### Your goal
With pictures left out, return only the lines from the line containing "Coronavirus jail" through the end of the material below, both included.
== Available data
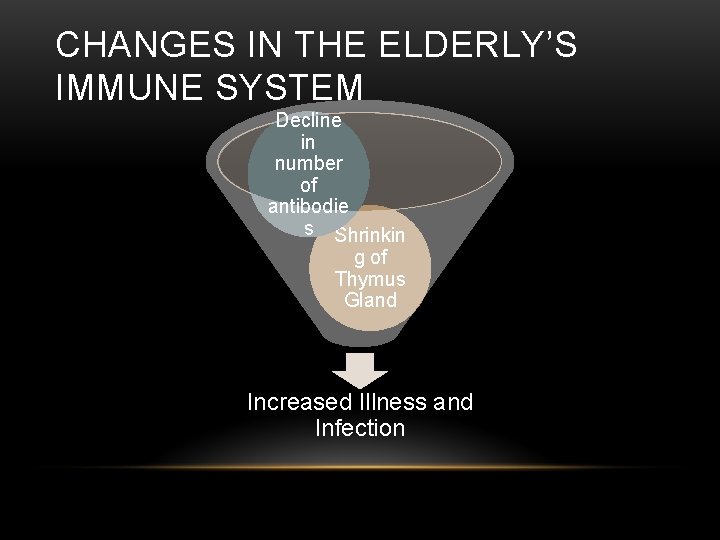 CHANGES IN THE ELDERLY’S IMMUNE SYSTEM Decline in number of antibodie s Shrinkin g CHANGES IN THE ELDERLY’S IMMUNE SYSTEM Decline in number of antibodie s Shrinkin g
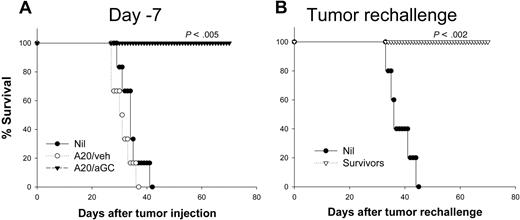 Figure 2. Preventive antitumor activity generated by A20/αGC vaccination. (A) A20 cells were cocultured overnight with 1 μg/mL αGC (A20/αGC) or vehicle (0.5% polysorbate; A20/veh) followed by irradiation (50 Gy). BALB/c mice (n=6-7 per group) were vaccinated with A20/veh, A20/αGC, or left untreated (Nil). After 7 days, all mice received 1 × 106 live A20 cells intravenously, and the survival was checked (day −7). (B) Survivors from panel A were rechallenged with live A20 cells 80 days after primary inoculation (Tumor rechallenge). Age-matched naive mice (n=5) were used as control (Nil). P values were calculated in comparison with the nonvaccinated group. Data shown represent at least 2 independent experiments.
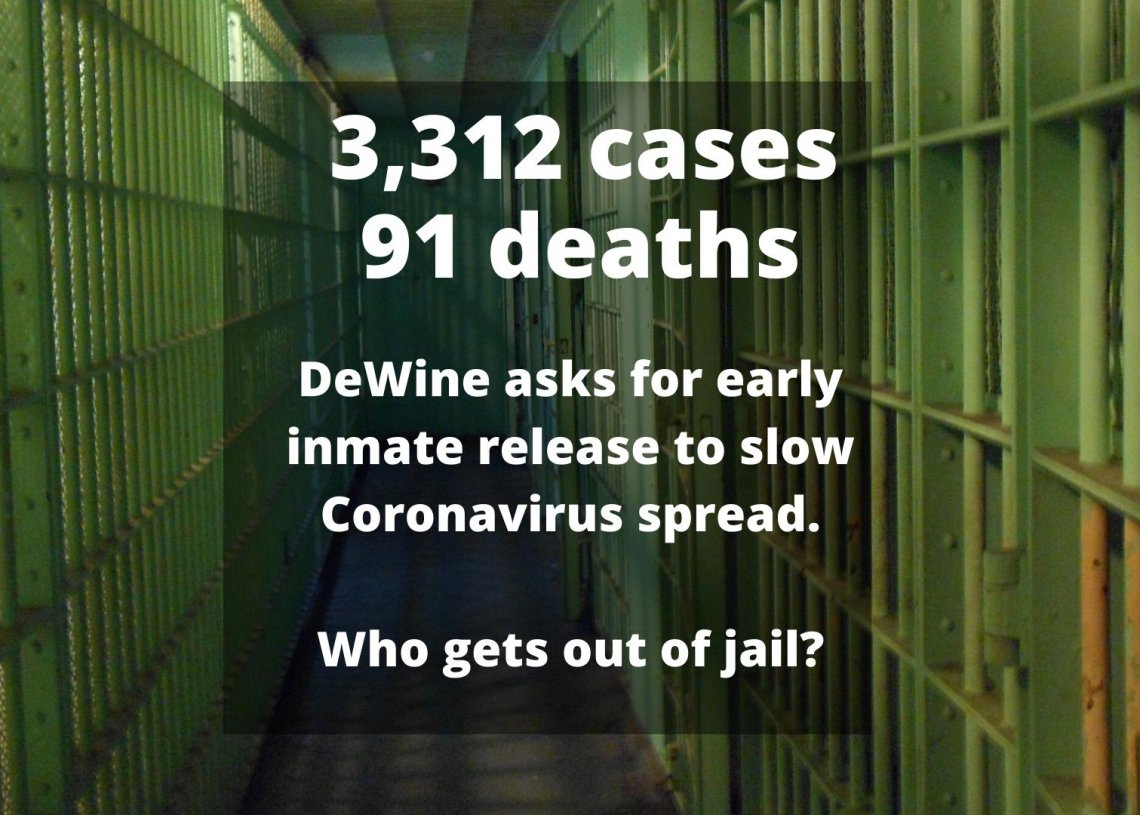 Coronavirus jail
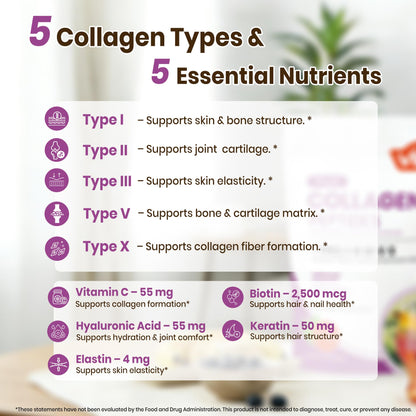 VEV Multi Collagen Peptides Powder, 16 oz (41 Servings) – Type I, II, III, V, X, Hydrolyzed Collagen, Hyaluronic Acid, Biotin, Vitamin C - Maple Wellness Supplements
====
### Response to this task
 Coronavirus jail
 VEV Multi Collagen Peptides Powder, 16 oz (41 Servings) – Type I, II, III, V, X, Hydrolyzed Collagen, Hyaluronic Acid, Biotin, Vitamin C - Maple Wellness Supplements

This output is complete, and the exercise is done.